Issue
I have a local jar (a maven plugin I wrote myself) which I am installing with
mvn org.apache.maven.plugins:maven-install-plugin:2.5.2:install-file -Dfile=dependencies/my-maven-plugin-1.0.jar
The plugin has some dependencies (defined in the pom.xml within the jar);
<dependencies>
<dependency>
<groupId>org.apache.maven</groupId>
<artifactId>maven-plugin-api</artifactId>
<version>2.0</version>
</dependency>
<dependency>
<groupId>org.apache.maven.plugin-tools</groupId>
<artifactId>maven-plugin-annotations</artifactId>
<version>3.2</version>
<scope>provided</scope>
</dependency>
<dependency>
<groupId>org.yaml</groupId>
<artifactId>snakeyaml</artifactId>
<version>1.13</version>
</dependency>
<dependency>
<groupId>com.hubspot.jinjava</groupId>
<artifactId>jinjava</artifactId>
<version>2.1.0</version>
</dependency>
<dependency>
<groupId>commons-io</groupId>
<artifactId>commons-io</artifactId>
<version>2.5</version>
</dependency>
</dependencies>
But using the maven-install-plugin, these are not installed. Can I somehow install the needed dependencies automatically when installing the jar?
Solution
No, you can't do that. And it is normal: the maven-install-plugin
will install the file you pass it, which in this case is my-maven-plugin-1.0.jar
, and that's it. It will also look inside the JAR to find a POM to install as well, because without a POM installed, the installed artifact won't be usable as a dependency.
But it doesn't do it, because it isn't needed.
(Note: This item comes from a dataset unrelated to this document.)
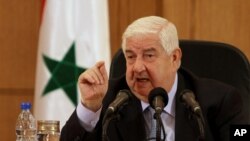 Menteri Luar Negeri Suriah Walid al-Moallem dalam sebuah konferensi pers di Damaskus. (Foto: Dok)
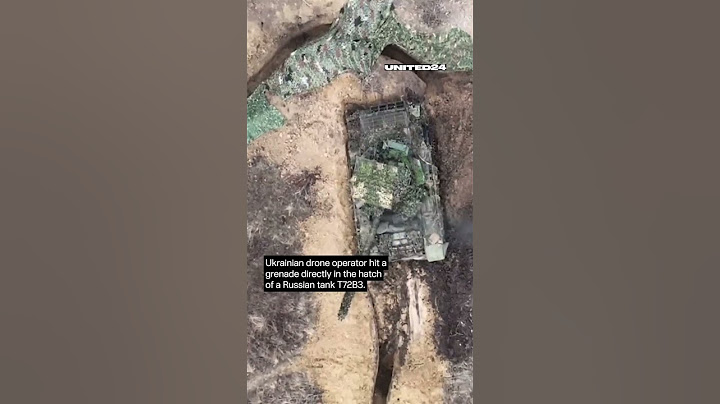 Ukrainian drone operator hit a grenade directly in the hatch of a Russian tank T72B3 #warinukraine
Next time you depend on this artifact, with the coordinates written in the POM, Maven will automatically download the dependencies from your configured remote repositories (Maven Central by default) and install them in the local repository. There won't be the need to manually launch the install-file
goal; this is only useful when the artifact isn't available on Maven repositories.
If the maven-install-plugin
would also install the dependencies of the artifact to manually install, it would just do the same thing Maven itself would do when you finally depend on that artifact in one of your projects.